Patient values and preferences
This is the ‘tumbleweed’ moment. The patient/rower’s ‘lived experience’ of back pain appears to have been widely ignored in published studies. Those working with rowers will of course have really good experience of how an injury event affects these athletes but this information does not seem to be informing management in the wider population. There are examples such as the mindfulness programme that Rowing Australia adopts with LBP management, but this approach is not always standard. LBP can be the ‘career ender’ for many rowers (I am a case in point) that must inevitably influence the experience of this injury.
So what’s next?
The great gathering of expertise at the World Rowing Champs focussed on how we might influence future understanding of this injury. There is a need to integrate academics, clinicians and the patient voice by improving communication between researchers and those treating rowers. We need a consensus statement (ultimately) with a starting point of a good definition of LBP in rowing which is meaningful. We need to listen to the patient voice and are in the planning stages of a qualitative study to do this. A back pain screening questionnaire, specifically for rowers, which will then inform a management algorithm is also in the early planning stages. We need to help the nations with less advanced sports medicine to access best contemporary advice (which will override some of the internet nonsense); the BJSM special edition (issue 21, 2014) was an excellent starting point for this.

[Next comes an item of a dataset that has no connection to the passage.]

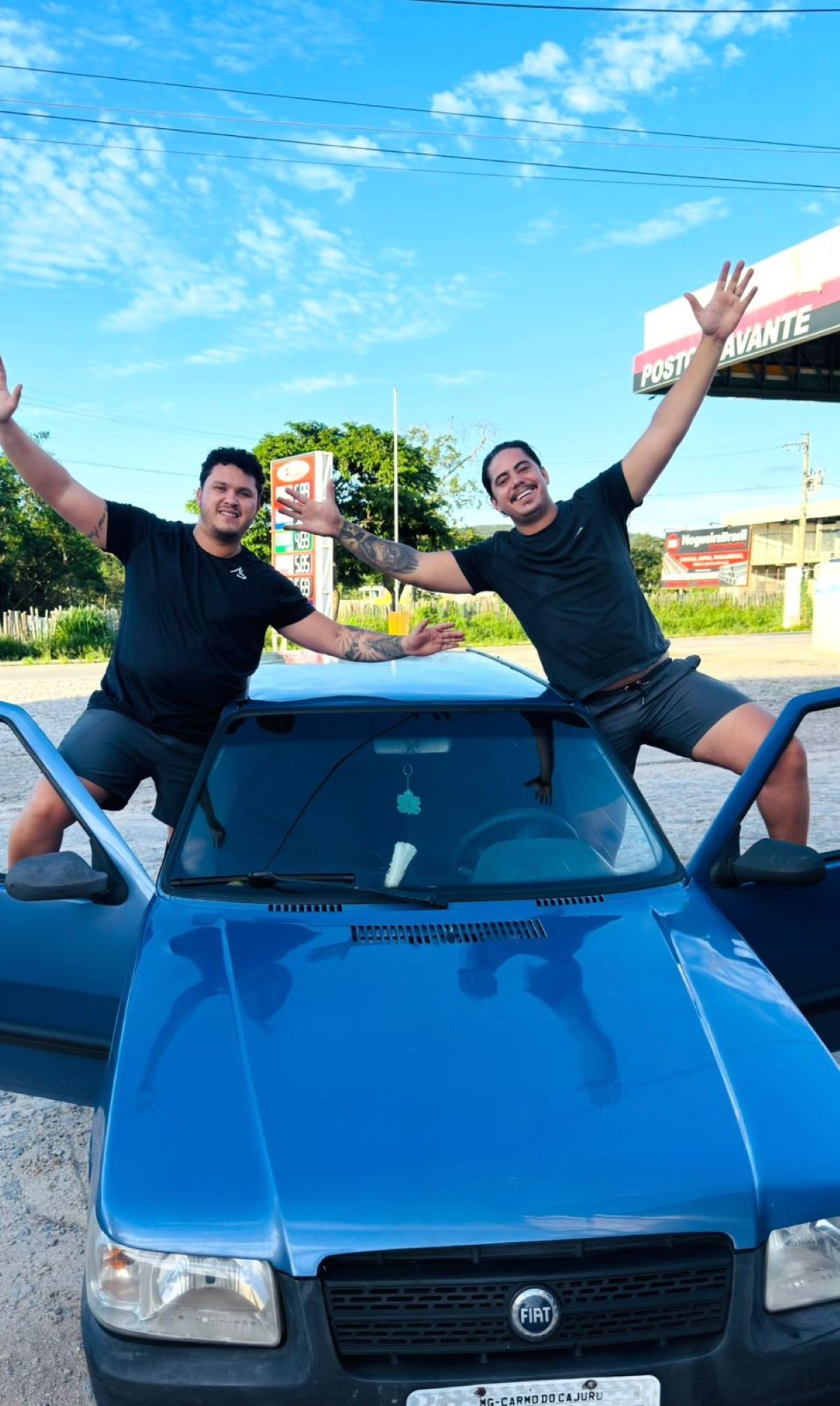 De Minas Gerais ao Chile em um Uno: dupla aposta no improviso, na internet e na coragem para rodar quase 10 mil km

It was a great privilege to present and represent my profession at the 2015 World Rowing Champs. This being an Olympic Qualification year, racing was at a blistering pace and FISA’s great commitment to a clean sport (first international sporting body to introduce the biological passport) meant that all nations were represented and races were hard-fought.
I witnessed some athletes’ high hopes turn to complete despair when Olympic qualification evaporated by the tiniest margins. Also tragic is knowing that among some of those now on top of the world having qualified for the Rio de Janeiro Olympics, at least one won’t be at the start line because of a new episode of low back pain. FISA, rowing clinicians and the athletes are working together to try to prevent that happening in future games.
- Sackett, D (1996) Evidence based medicine: What it is and what it isn’t. BMJ, 312, 71-2.
Dr Fiona Wilson, PhD, MSc, MA, BSc, MISCP is a Chartered Physiotherapist and an Assistant Professor in the School of Medicine, Trinity College Dublin. She has over 25 years of clinical and research experience in the UK, South Africa and Ireland. She is former lead physiotherapist with Rowing Ireland.